▸ **Required work**
Among the entries below, which lines run from the line with "Bullet Tie Clip, Winchester" through the line with "Image 4 : Wood netsuke of seated monkey."? Retype those, both ends included, exactly and without pictures.

▸ **Supplied entries**
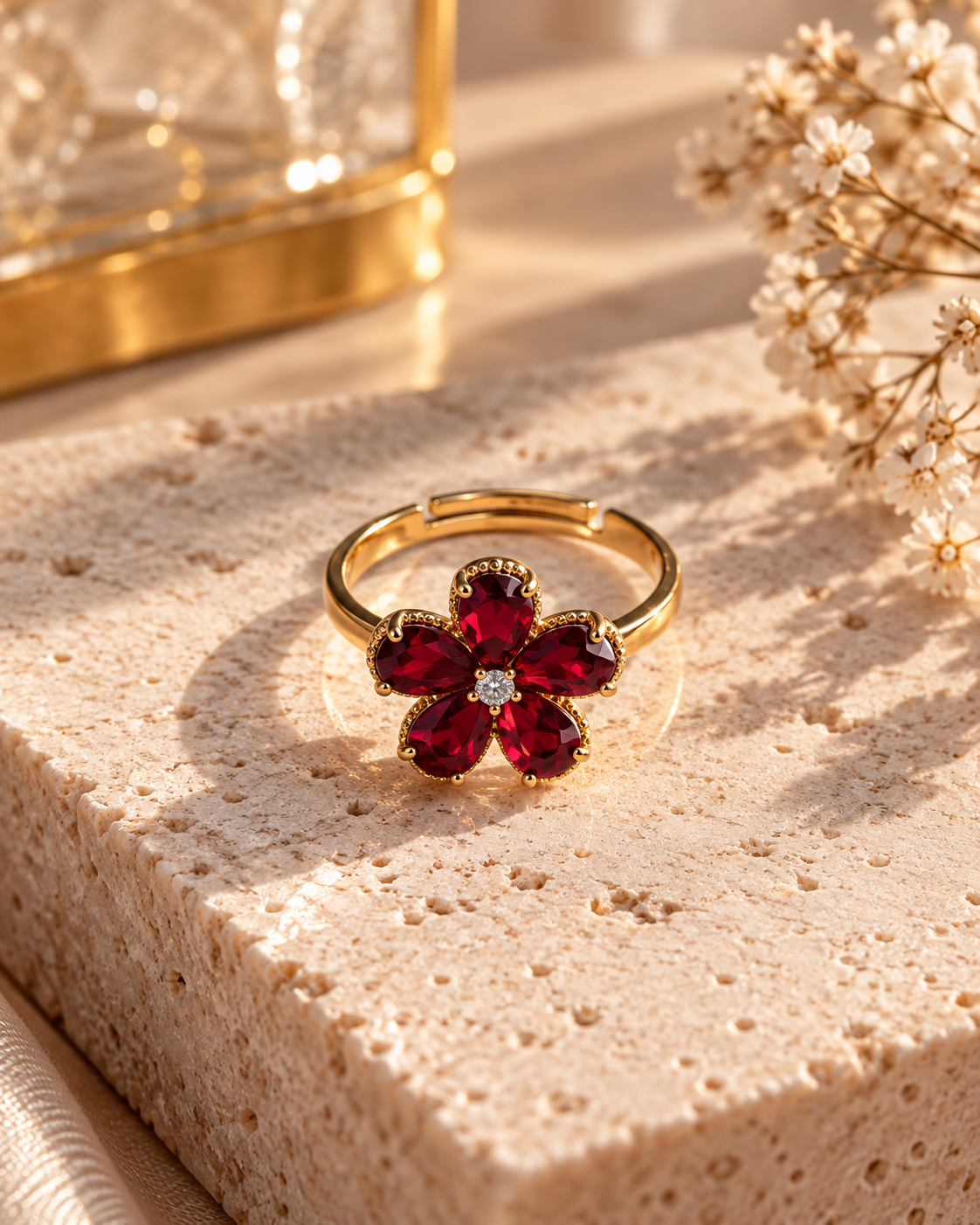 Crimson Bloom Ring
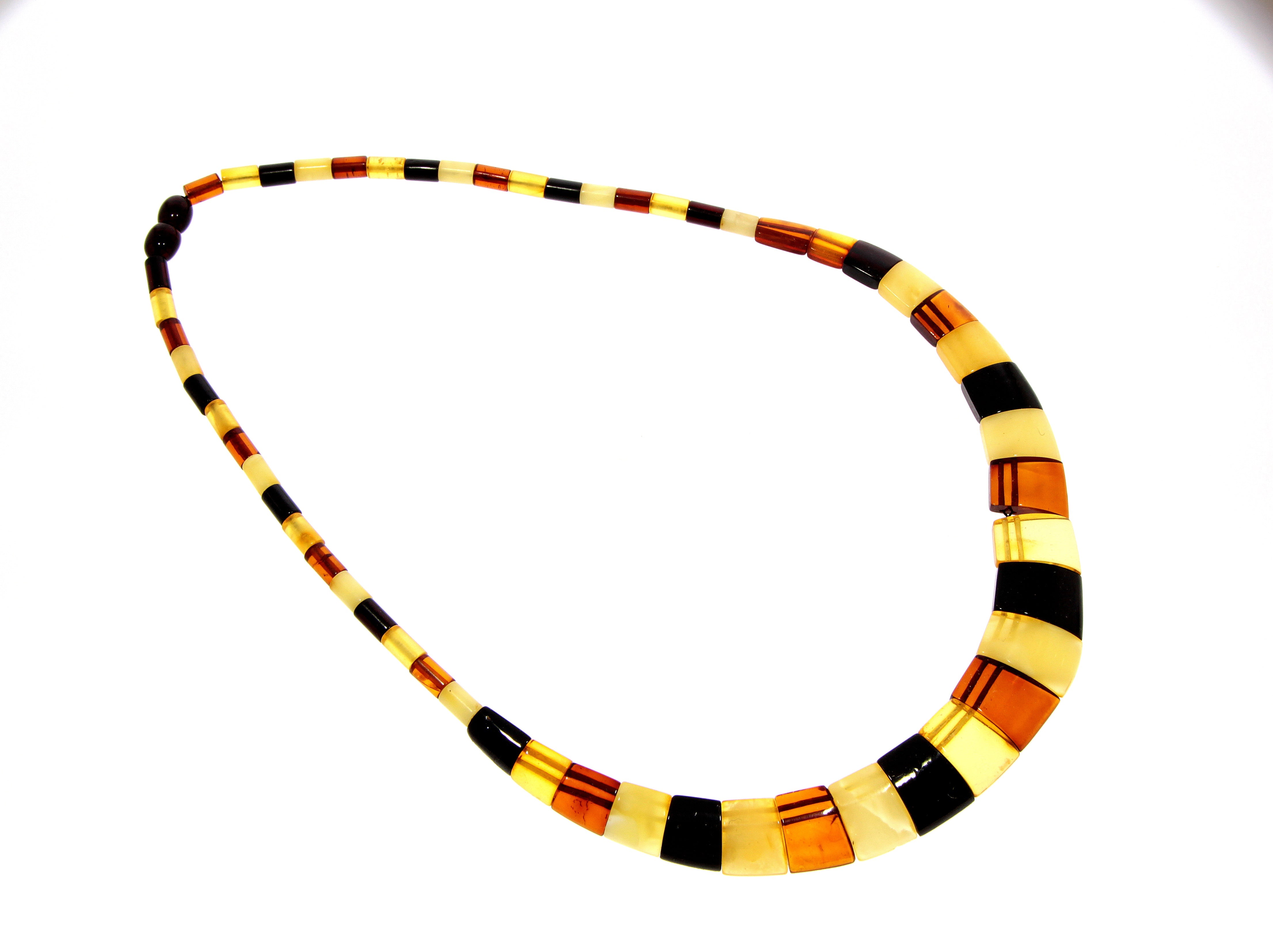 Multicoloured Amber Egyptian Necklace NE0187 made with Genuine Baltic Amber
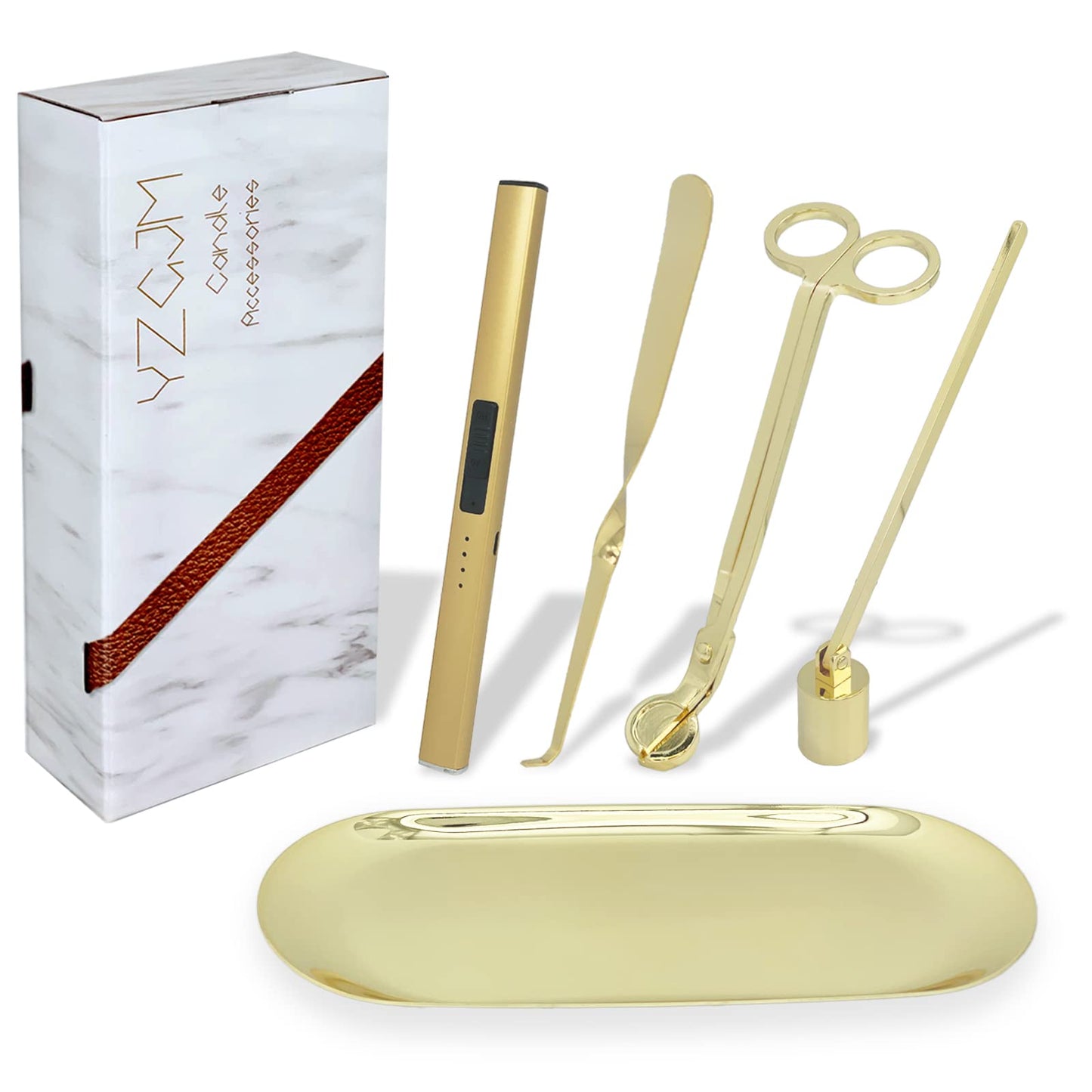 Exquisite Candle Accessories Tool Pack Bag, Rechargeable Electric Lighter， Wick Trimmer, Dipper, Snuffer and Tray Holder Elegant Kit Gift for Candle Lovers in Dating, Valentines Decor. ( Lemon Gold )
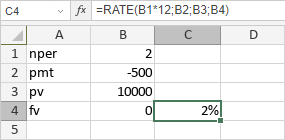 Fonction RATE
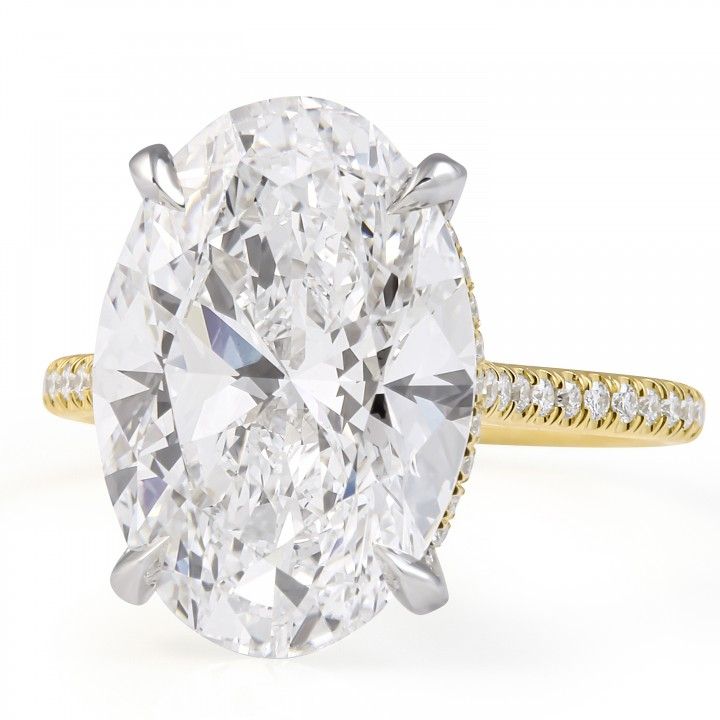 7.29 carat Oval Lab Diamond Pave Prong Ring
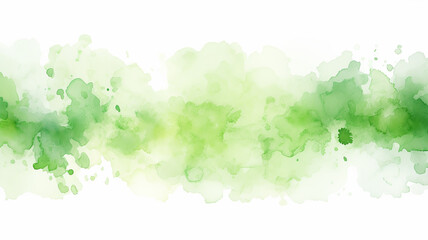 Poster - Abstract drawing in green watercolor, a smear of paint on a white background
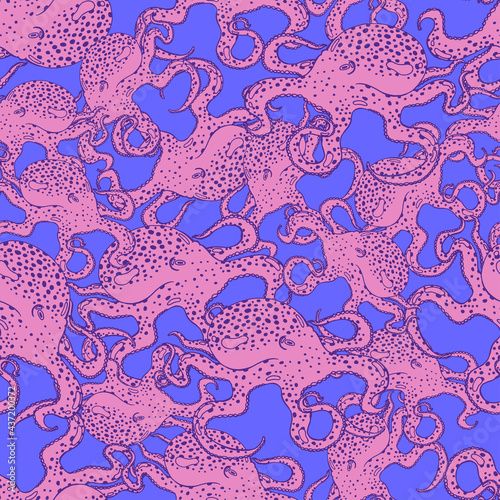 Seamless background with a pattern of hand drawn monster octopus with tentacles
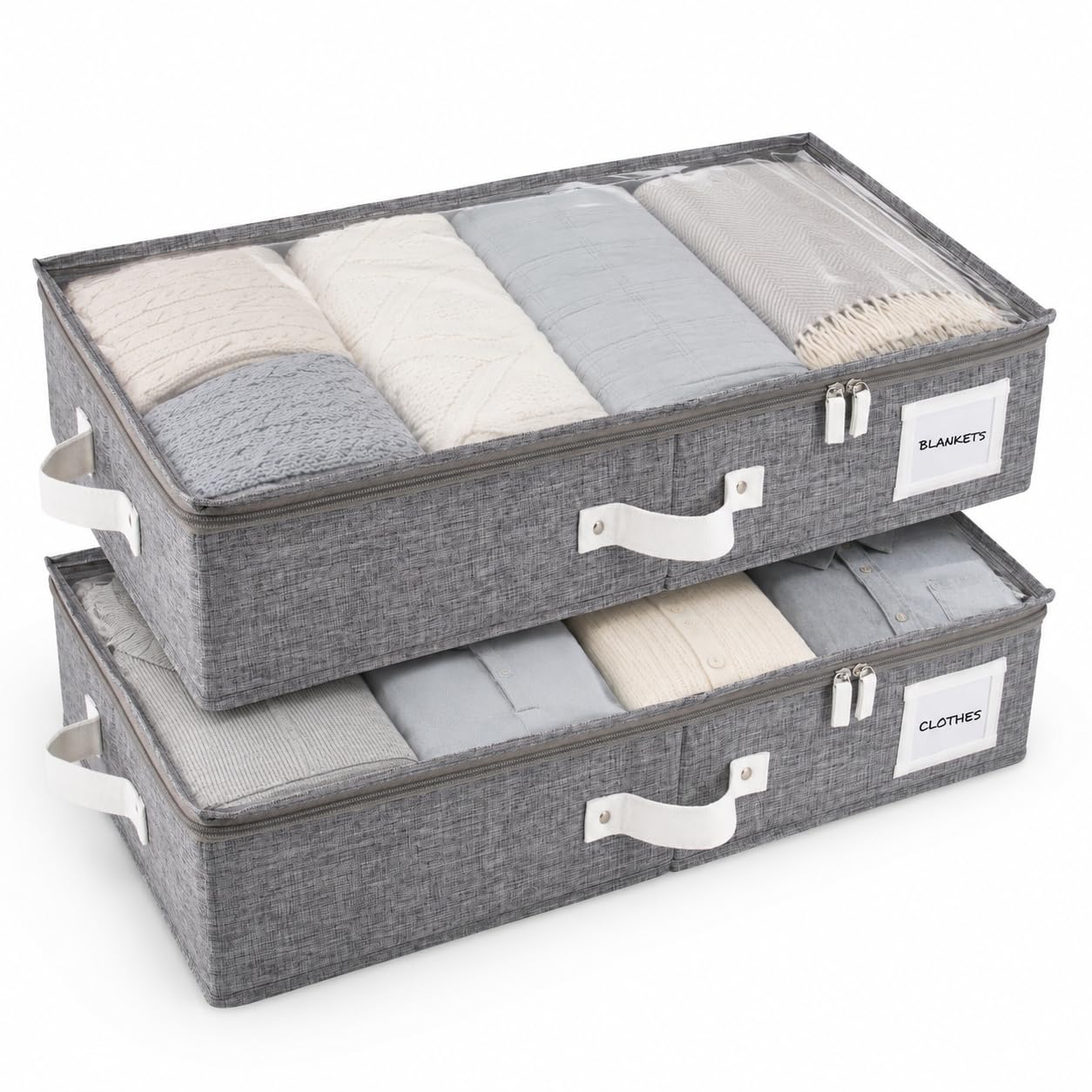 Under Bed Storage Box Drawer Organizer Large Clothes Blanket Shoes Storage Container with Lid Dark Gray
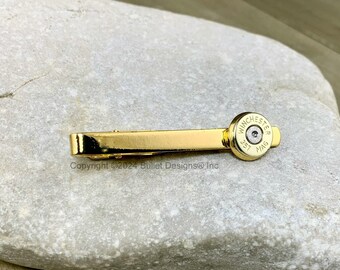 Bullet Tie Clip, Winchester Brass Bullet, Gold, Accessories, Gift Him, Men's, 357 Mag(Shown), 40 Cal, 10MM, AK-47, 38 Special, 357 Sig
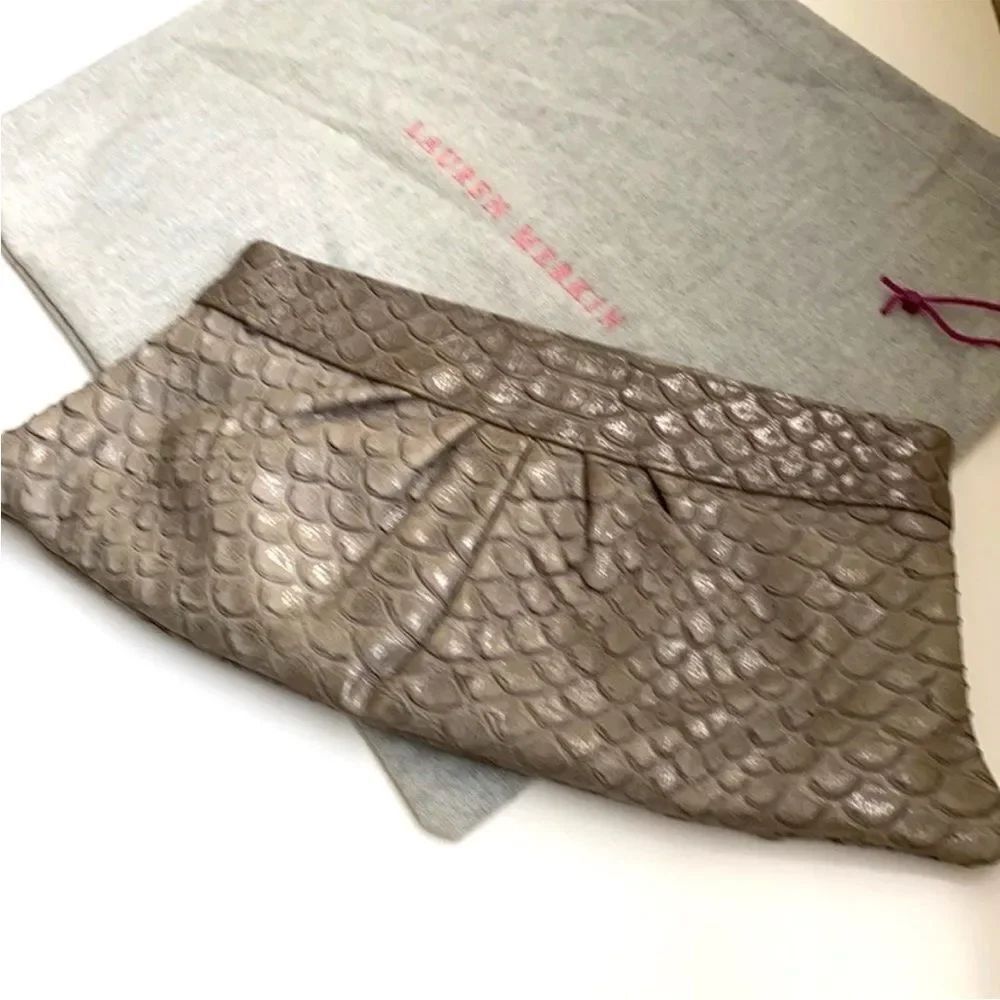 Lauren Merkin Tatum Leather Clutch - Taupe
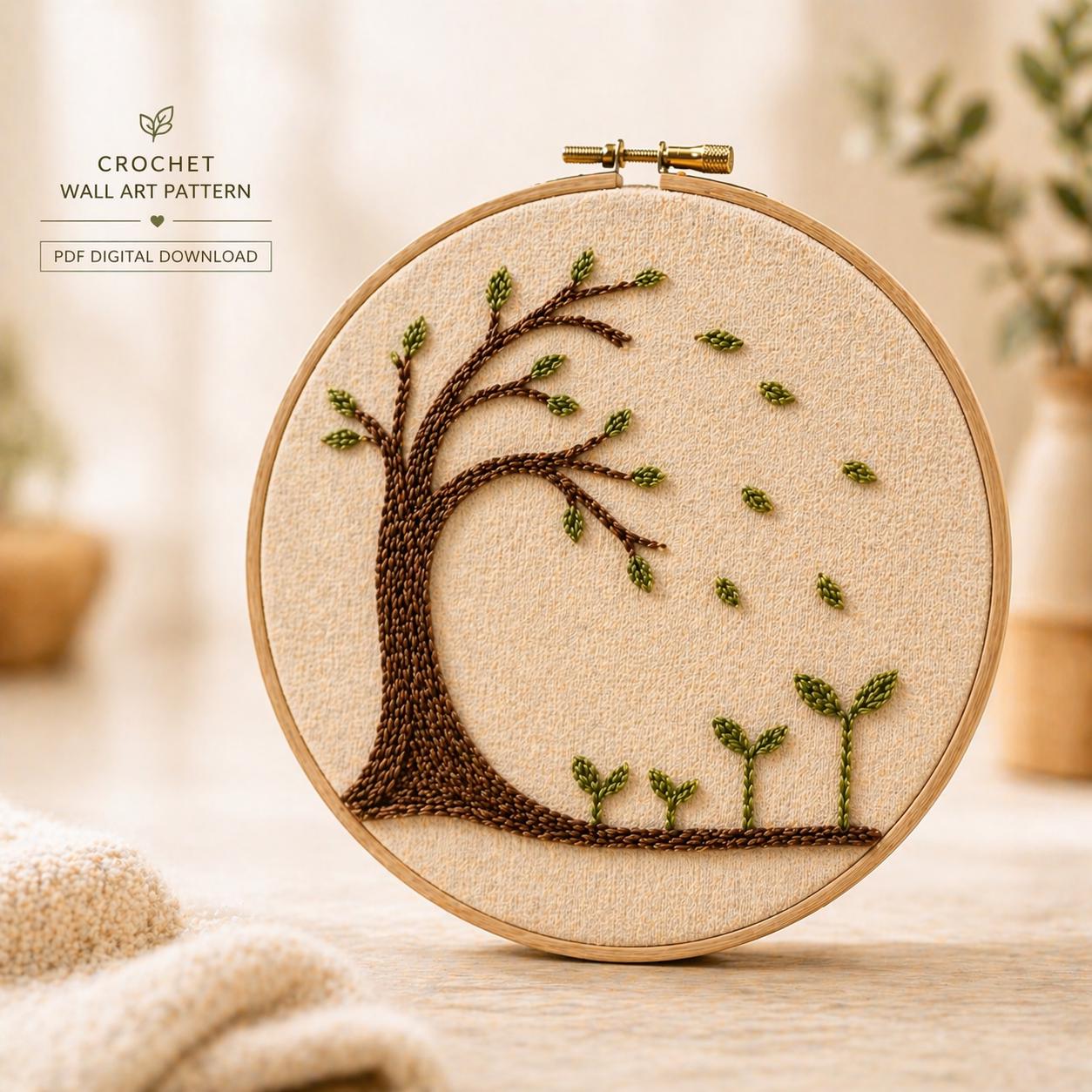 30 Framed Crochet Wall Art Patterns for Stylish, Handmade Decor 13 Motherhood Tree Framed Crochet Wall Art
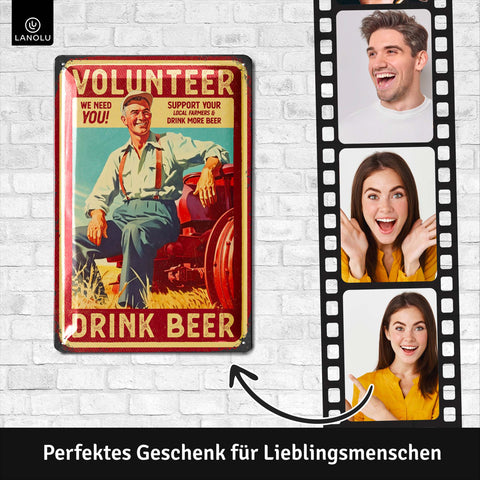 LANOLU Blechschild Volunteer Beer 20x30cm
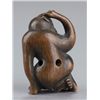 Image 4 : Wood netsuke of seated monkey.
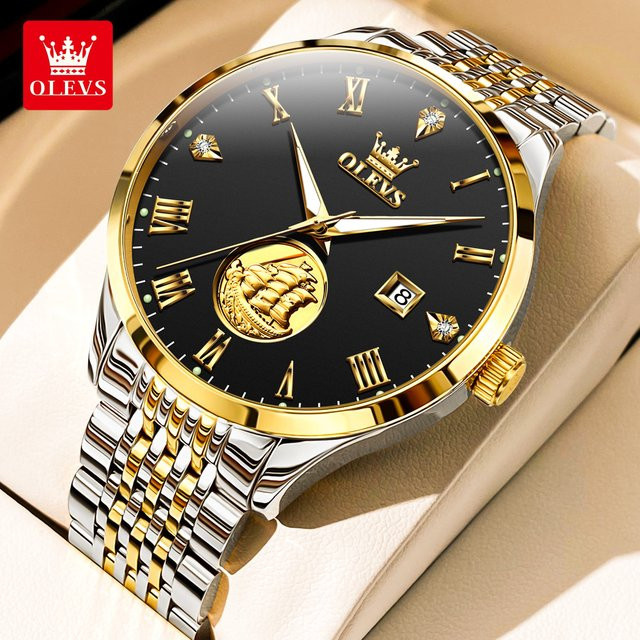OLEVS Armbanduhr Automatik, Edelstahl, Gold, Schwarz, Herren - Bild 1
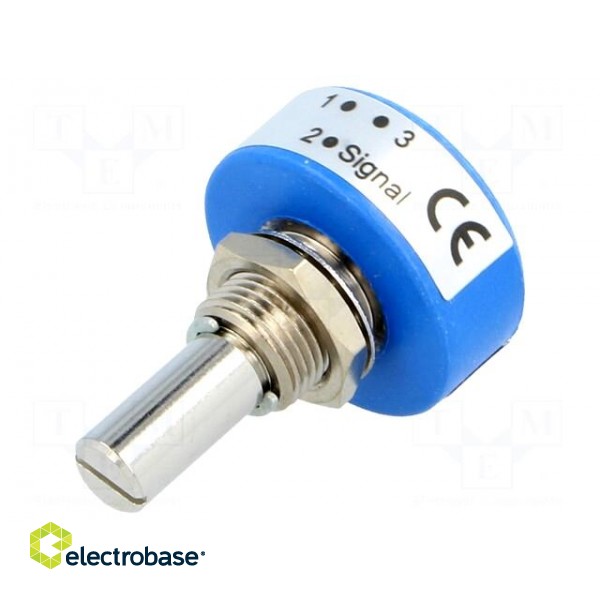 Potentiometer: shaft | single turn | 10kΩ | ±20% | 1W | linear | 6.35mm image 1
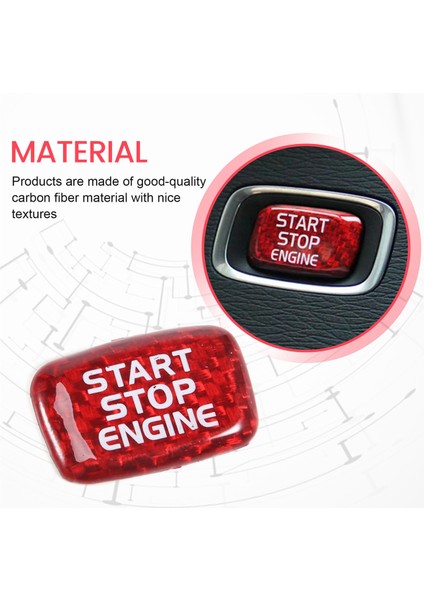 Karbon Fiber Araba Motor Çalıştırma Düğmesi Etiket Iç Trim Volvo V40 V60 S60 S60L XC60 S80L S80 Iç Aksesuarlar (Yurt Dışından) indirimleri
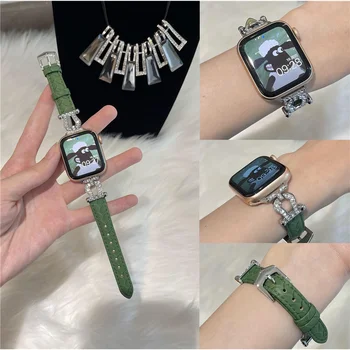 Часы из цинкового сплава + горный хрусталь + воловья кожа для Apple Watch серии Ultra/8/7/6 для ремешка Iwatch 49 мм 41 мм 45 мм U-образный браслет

▸ **Answer for the task**
 Bullet Tie Clip, Winchester Brass Bullet, Gold, Accessories, Gift Him, Men's, 357 Mag(Shown), 40 Cal, 10MM, AK-47, 38 Special, 357 Sig
 Lauren Merkin Tatum Leather Clutch - Taupe
 30 Framed Crochet Wall Art Patterns for Stylish, Handmade Decor 13 Motherhood Tree Framed Crochet Wall Art
 LANOLU Blechschild Volunteer Beer 20x30cm
 Image 4 : Wood netsuke of seated monkey.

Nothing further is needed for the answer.